6 Conditional expectation

Theorem 6.1 ( $Radom Nikodym$ )
Consider a measure space $(Ω, B)$ and two measures $μ$ , $ν$ such that $μ$ is $σ$ -finite (Definition 31.4) and $μ << ν$ (Definition 31.1). Then there exists a measurable function $X : Ω \to R$ such that: $μ (B) = \int_{A} X d ν \forall B \in B$

Definition 6.1 ( $Conditional expectation$ )
Given a probability space $(Ω, B, P)$ , consider $G$ as a sub $σ$ -field of $B$ , i.e. $G \subset B$ . Let’s consider a random variable $X : Ω \to R$ with finite expectation $E {| X |} < + \infty$ . We define a conditional expectation for $X$ given $G$ , any random variable $Y = E {X | G}$ such that:

$Y$ has finite expectation, i.e. $E {| Y |} < + \infty$ .
$Y$ is $G$ -measurable.
$E {1_{A} Y} = E {1_{A} X}$ , $\forall A \in G$ , namely if $X$ and $Y$ are restricted to $A \in G$ , then their expectation coincides.

A $σ$ -field can be used to describe our state of information. It means that, $\forall A \in G$ we already know if the event A has occurred or not. Therefore, when we insert in $G$ the events that we know were already occurred, we are saying that the random variable $Y$ is $G$ -measurable, i.e. the value of $Y$ is not stochastic once we know the information contained in $G$ . Moreover, the random variable $Y = E {X | G}$ represent a prediction of the random variable $X$ , given the information contained in the sub $σ$ -field $G$ .

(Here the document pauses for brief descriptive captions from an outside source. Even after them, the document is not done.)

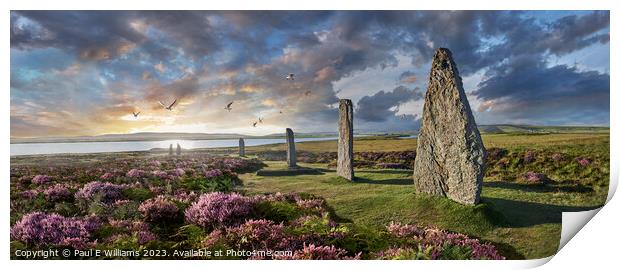 View of the Enigmatic Neolithic Stone Circle of Brodgar, Orkney Print by Paul E Williams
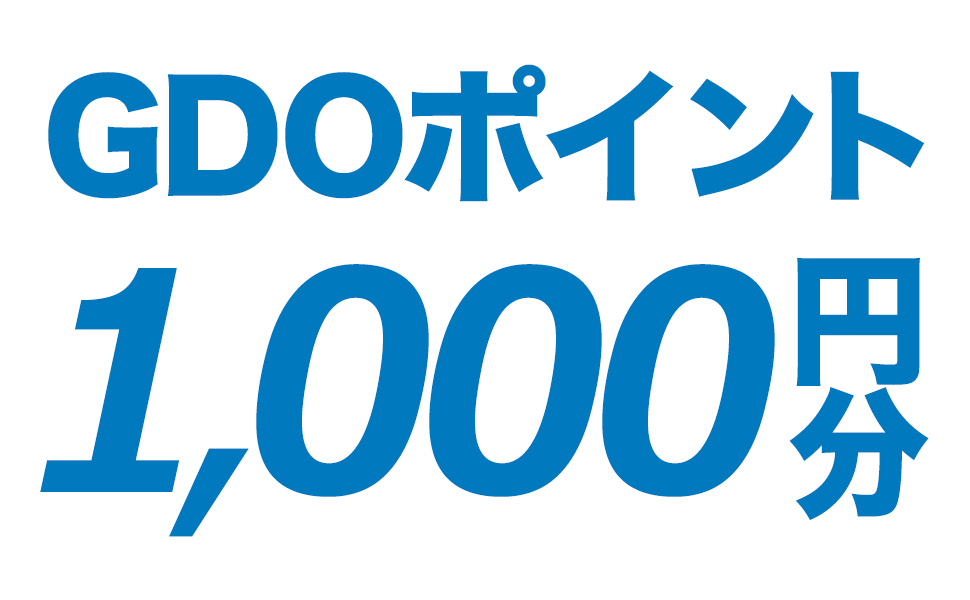 GDOポイント1000円分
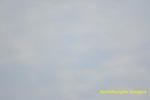 Toledo National Tour Fri-Sat-180.jpg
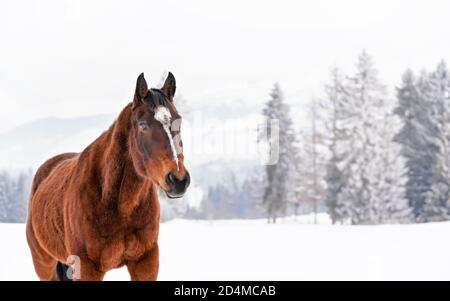 Braunes Pferd mit weißem Fleck auf dem Kopf, Spaziergänge über schneebedecktes Feld im Winter, verwischte Bäume Hintergrund Stockfoto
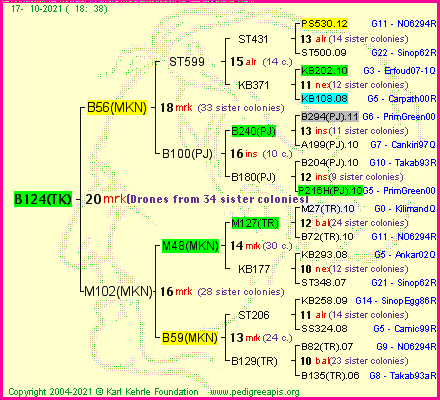 Pedigree of B124(TK) :
four generations presented
it's temporarily unavailable, sorry!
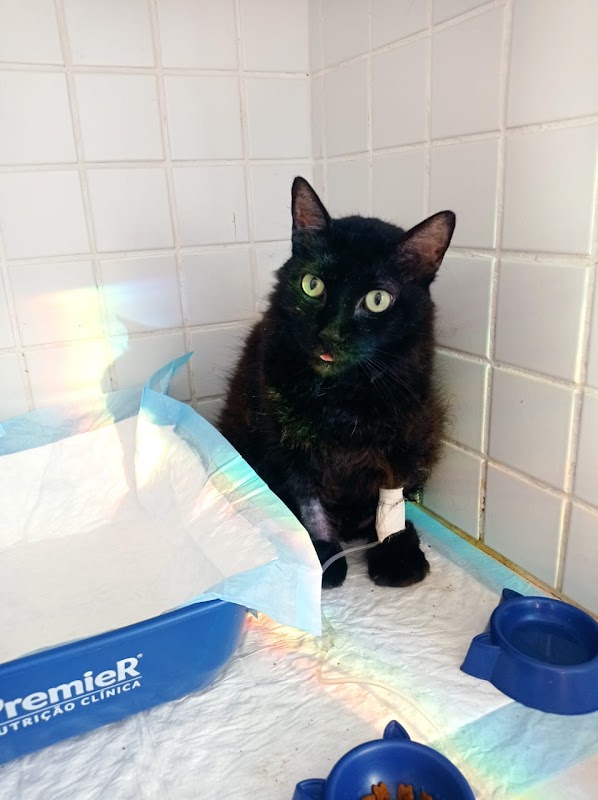 Vet Saúde Hospital Veterinário 24 horas - Clínica Veterinária em Jardim Camburi, Vitória/ES - Foto 5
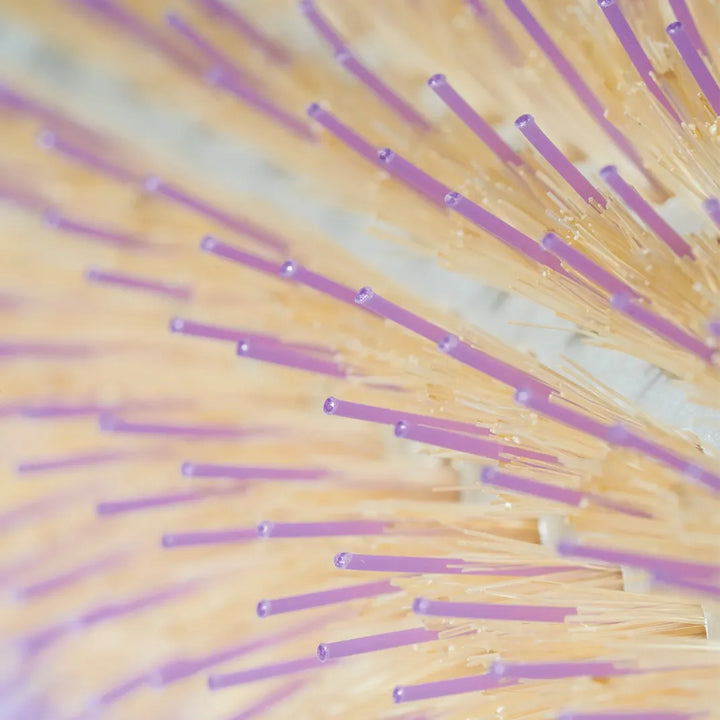 ハウム ロールブラシ7｜HAUM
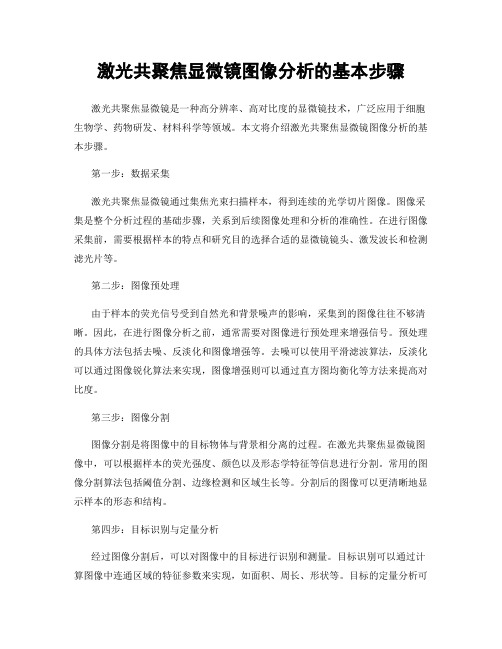 激光共聚焦显微镜图像分析的基本步骤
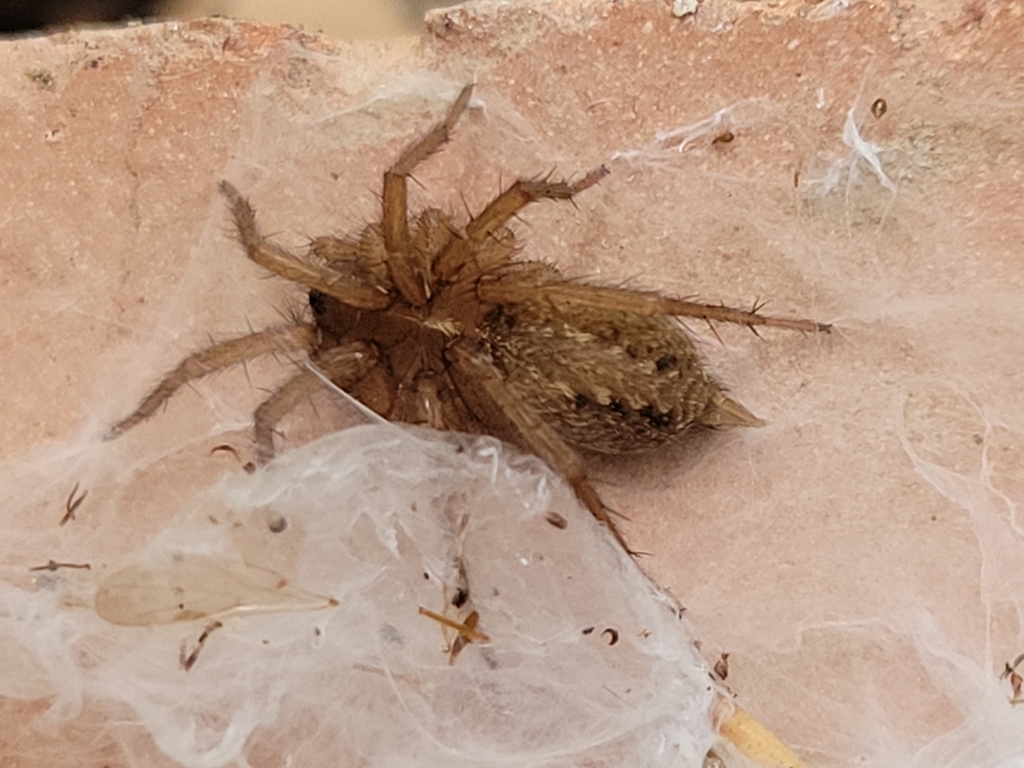 Lycosoides coarctata in August 2021 by Juan José de Haro · iNaturalist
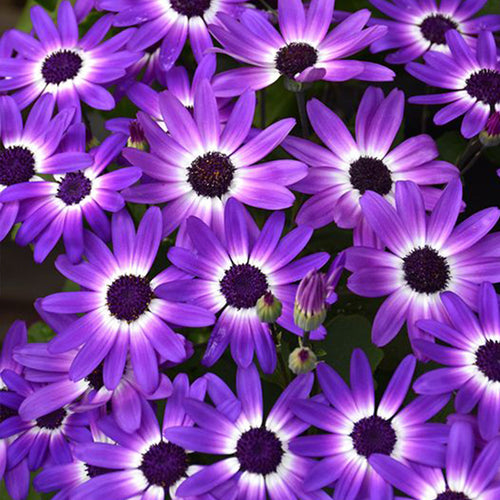 African Daisy Seeds - Purple White-Eye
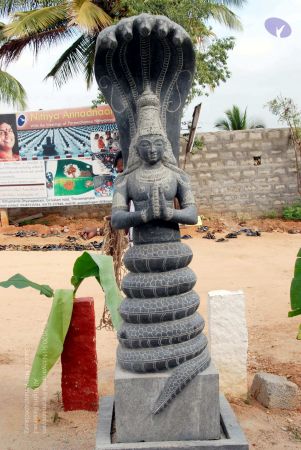 20091220DSC 9601 CMP WM001000 FIMT.jpg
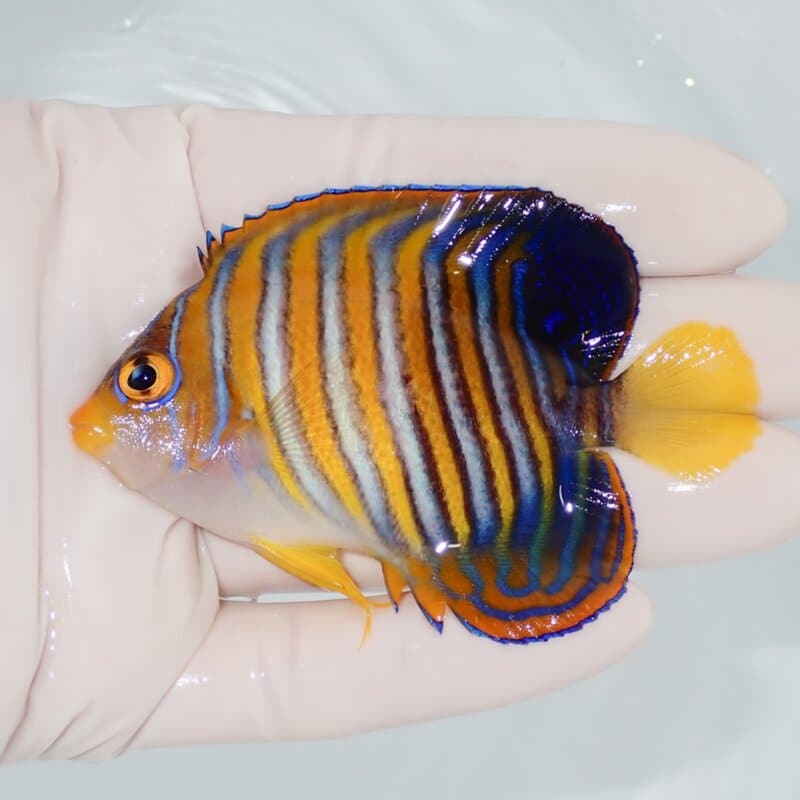 【現物436】ニシキヤッコ 8cm±! 海水魚 ヤッコ 15時までのご注文で当日発送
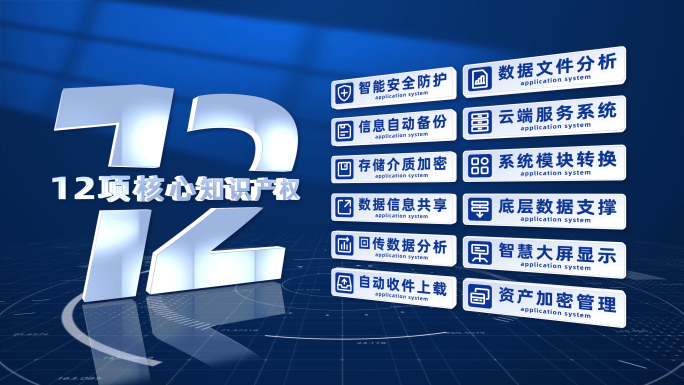 （12）蓝色企业项目应用十二分类展示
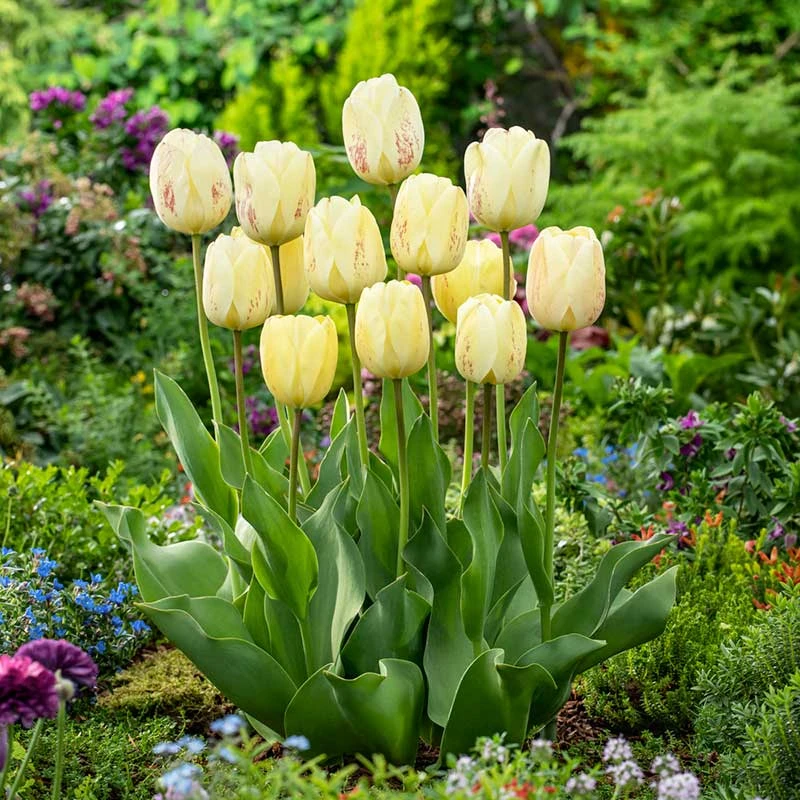 Ivory Floradale Tulip Bulbs - Elegant Darwin Hybrid Perennial Flowers 1 Ivory Floradale Tulip Bulbs - Elegant Darwin Hybrid Perennial Flowers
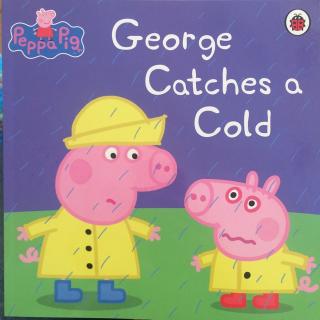 粉猪系列之George Catches a Cold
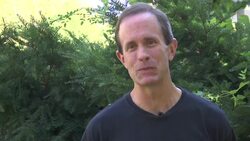 FDA to Bakery: 'Love' is Not a Real Ingredient News Clip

Definition 6.2 ( $Predictor$ )
Consider $Z$ any $G$ -measurable random variable. Then $Z$ can be interpreted as a predictor of another random variable $X$ under the information contained in the $σ$ -field $G$ . However, when we substitute $X$ with its prediction, namely $Z$ , we make an error given by the difference $X - Z$ . In the special case in which $E {| Z |^{2}} < \infty$ , we can take as error function the mean squared error, i.e. $E {{error}^{2}} = E {(X - Z)^{2}}$ We say that the conditional expectation $E {X | G}$ is the best predictor in the sense that: $E {(X - E {X | G})^{2}} = min_{Z \in Z} E {(X - Z)^{2}}$ Hence, $E {X | G}$ is the best predictor that minimize the mean squared error over the class $Z$ composed by $G$ -measurable functions with finite second moment, formally
$Z = {Z G -measurable and E {| Z |^{2}} < \infty}$

6.1 Properties of conditional expectation

Here we state some useful properties of conditional expectation:

Linearity: $E {a X + b Y | G} = a E {X | G} + b E {Y | G}$ , for all constants $a, b \in R$ .
Positive: $X \geq 0 ⟹ E {X | G} \geq 0$ .
Measurability: If $Y$ is $G$ -measurable, then $E {X Y | G} = Y E {X | G}$ .
Constant: $E {a | G} = a \forall a \in R$ . In general, if $X$ is $G$ -measurable then $E {X | G} = X$ , i.e. is not stochastic.
Independence: If $X$ is independent from the $σ$ -field $G$ , then $E {X | G} = E {X}$ .
Chain rule: consider two two sub $σ$ -fields of $B$ such that $G_{1} \subset G_{2}$ , then we can write: $E {X | G_{1}} = E {E {X | G_{2}} | G_{1}}$ Remember that, when using this property it is mandatory to take the conditional expectation before with respect to the greatest $σ$ -field, i.e. the one that contains more information (in this case $G_{2}$ ), and then with respect to the smallest one (in this case $G_{1}$ ).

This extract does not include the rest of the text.